Fortnite is Now Even Being Blamed for Divorce Newsbeat, BBC, September 17, 2018 According to research by divorceonline, 200 divorces since January 2018 mentioned addiction to Fortnite and other online games as one of the reasons for the relationship breakdown.
Before I Say “I Do,” a Word to the Exes Maggie Parker, The New York Times, September 17, 2018 The author says the following: Before I say “I do,” I want to say thank you, and a few unprintable sentiments to the ones who came before the one… Each past relationship gave me an experience that served as a clue in a scavenger hunt to find my future.
India Makes Instant Divorce a Criminal Offense Sasha Ingber, NPR, September 19, 2018 The practice of instant divorce, called “triple talaq,” happens in person, over the phone, by text and in email. Men, not women, can end their marriages by repeating the word “talaq,” Arabic for “divorce,” three times — and his wife has no say in the matter. India’s government decreed punishments of arrest and jail time on Wednesday for Muslim men who terminate their marriages by simply uttering three words.

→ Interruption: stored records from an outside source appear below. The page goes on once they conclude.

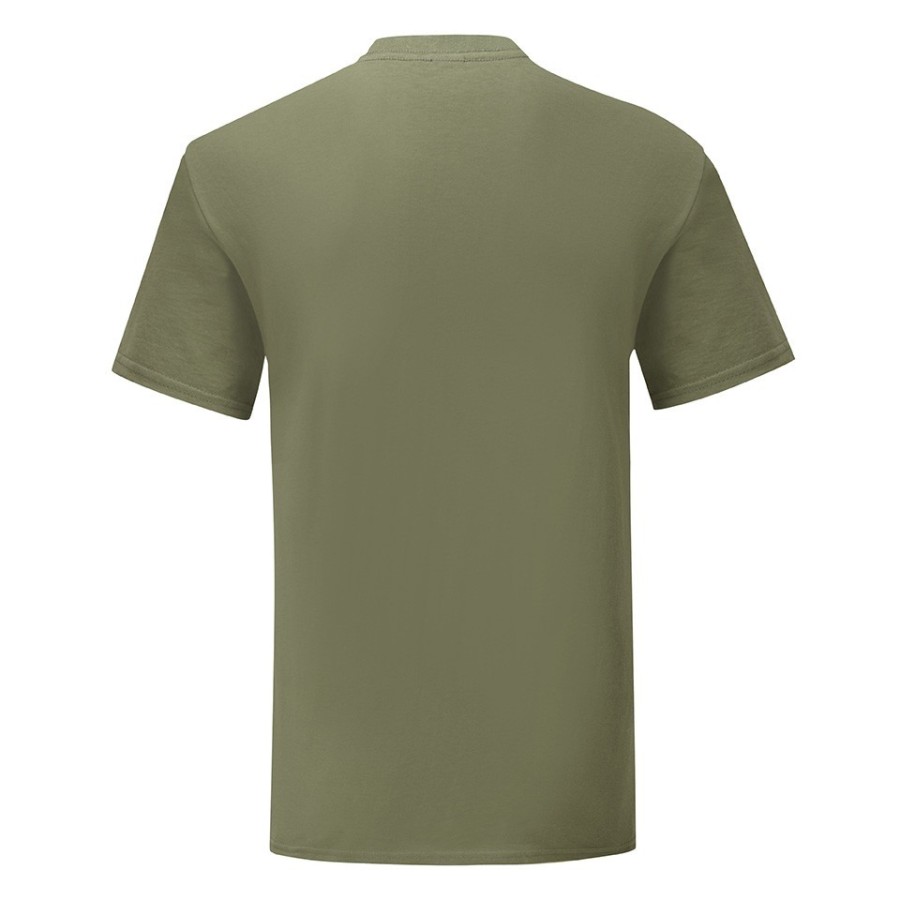 Fruit of the Loom, ICONIC 150T, cotton t-shirt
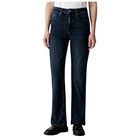 Ženske farmerke Karl Lagerfeld hr straight denim w/split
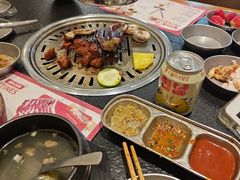 -炽城·烤肉名家(鸿达中央广场店)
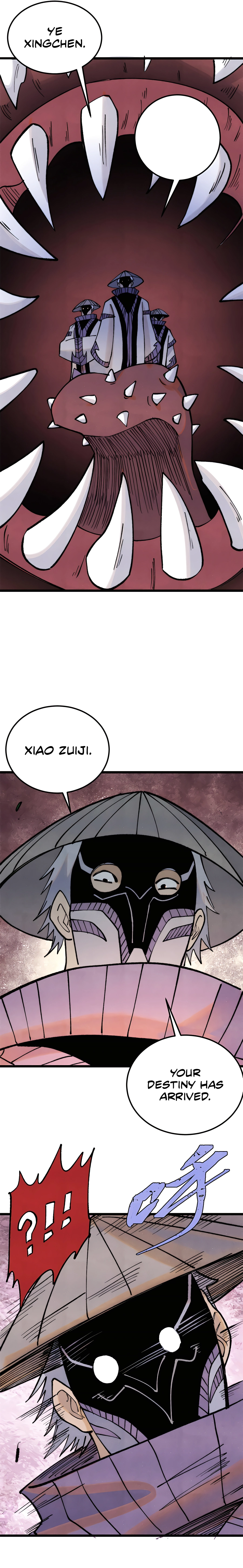 Read All Hail The Sect Leader Manga Online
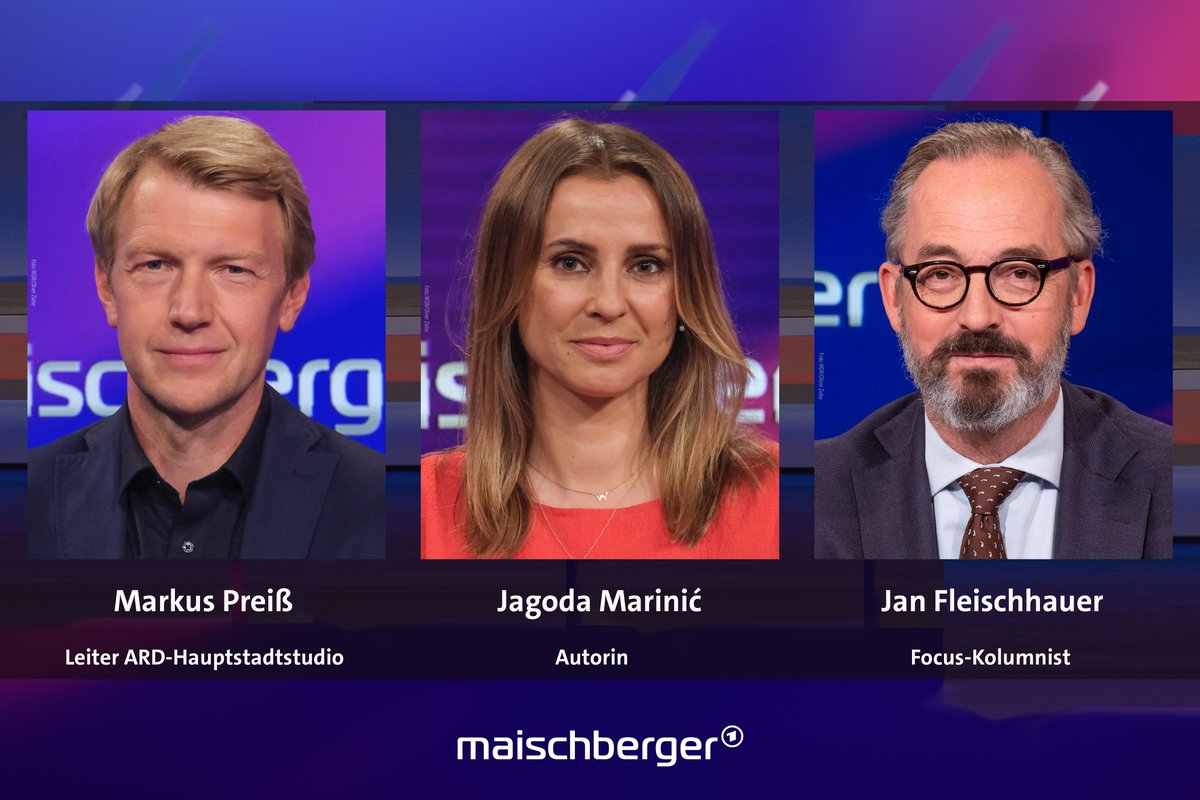Maischberger tweet media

India Criminalizes Instant “Talaq” Divorces for Muslim Men Kai Schultz, The New York Times, September 20, 2018 While India’s Constitution guarantees equal rights to all citizens regardless of religion, issues involving marriage, divorce, alimony and inheritance are handled differently among religious populations. India — which is overwhelmingly Hindu but has sizable numbers of Muslims, Sikhs and Christians — does not have a uniform set of laws that applies to all citizens on matters of marriage and divorce.